WORLD CUP: POLITICS ON THE PITCH

Last week, we looked at a few ways in which the World Cup reflected broader themes in global politics. During an intensive review of the action this week, Alex Kliment, Signal’s unofficial tournament correspondent, spotted two new examples of politics on the pitch:


Balkan Bad Blood

Switzerland’s stirring last minute victory over Serbia last week dripped with Balkan political intrigue. Three of the Swiss team’s biggest stars have roots in Kosovo, the ethnically-Albanian province that won independence from Serbia after a brutal war in the 1990s. Serb nationalists consider Kosovo to be historically part of their country, so when two ethnic-Albanian Swiss players celebrated their goals by flashing a nationalist hand signal (pictured above) that mimics the distinctive Albanian double-headed eagle, things got hot fast.

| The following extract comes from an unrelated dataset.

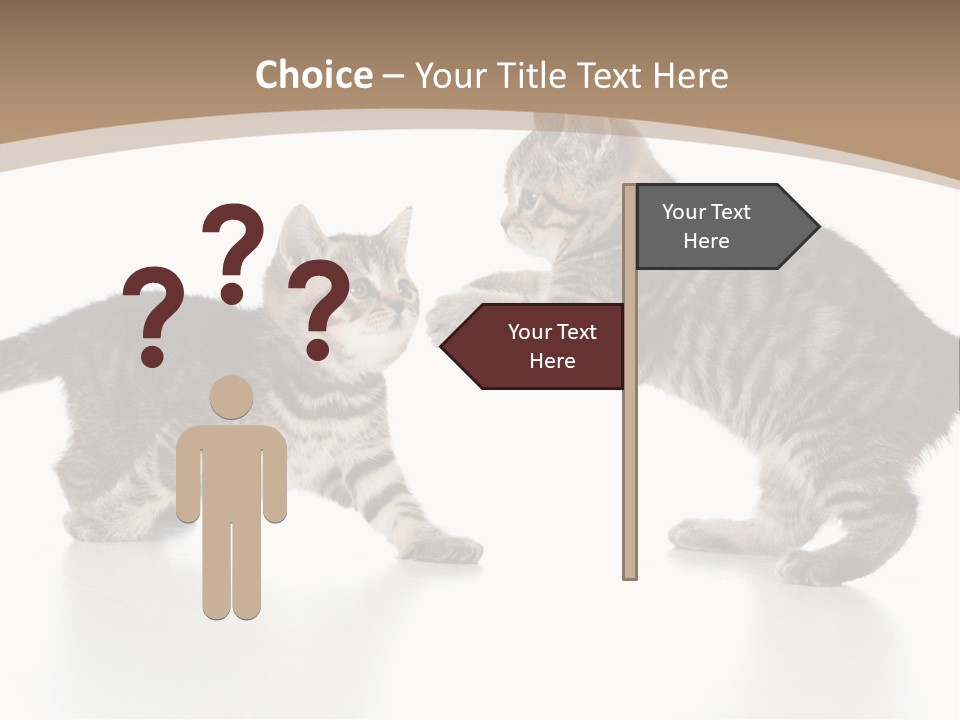 Pussy Postcard Front PowerPoint Template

FIFA rules prohibit on-field political displays. After an investigation, the players escaped with a fine, but the politics didn’t stop there. After the game, Serbia’s coach said the German referee — who failed to award a penalty after an egregious foul against Serbian striker Aleksandar Mitrovic — should be sent “to the Hague” to be tried “like they did to us.” The Hague, of course, is home to the international tribunal that prosecuted dozens of people for crimes committed during the Yugoslav civil wars, many of them ethnic Serbs.

The Bavarians Again

Meanwhile, in an eerie reflection of the broader uncertainty that plagues Germany’s coalition government, the German national squad also reportedly suffers from a rift between a faction of “Bavarians” (in this case Thomas Muller, Mats Hummels, and Manuel Neuer who all play for Bayern Munich) and the so-called “bling bling gang” which includes Mesut Özil, Jerome Boateng, and Sami Khedira. Supposedly, there is a long running disagreement between the blingers, who are all of immigrant origins, and the Bavarians about whether it was right to leave Leroy Sane, a German footballer of Senegalese ancestry, off the squad. The alleged friction comes as the conservative Bavarian CSU is split with Chancellor Merkel over letting in non-ethnic Germans into the country.

Finally, yes, German midfielder Toni Kroos’s game-winning strike in the final seconds of extra time against the Swedes was one of the most beautiful goalsyou’ll ever see (go on, watch it again, you know you want to). But it may have been a political, and not just a sporting, accomplishment: by sparing Germany the national humiliation of crashing out of the tournament in the first round, Kroos might just have offered a little relief to the embattled Merkel. The squad’s post-match rapport certainly left the team’s fans in a more cheerful mood.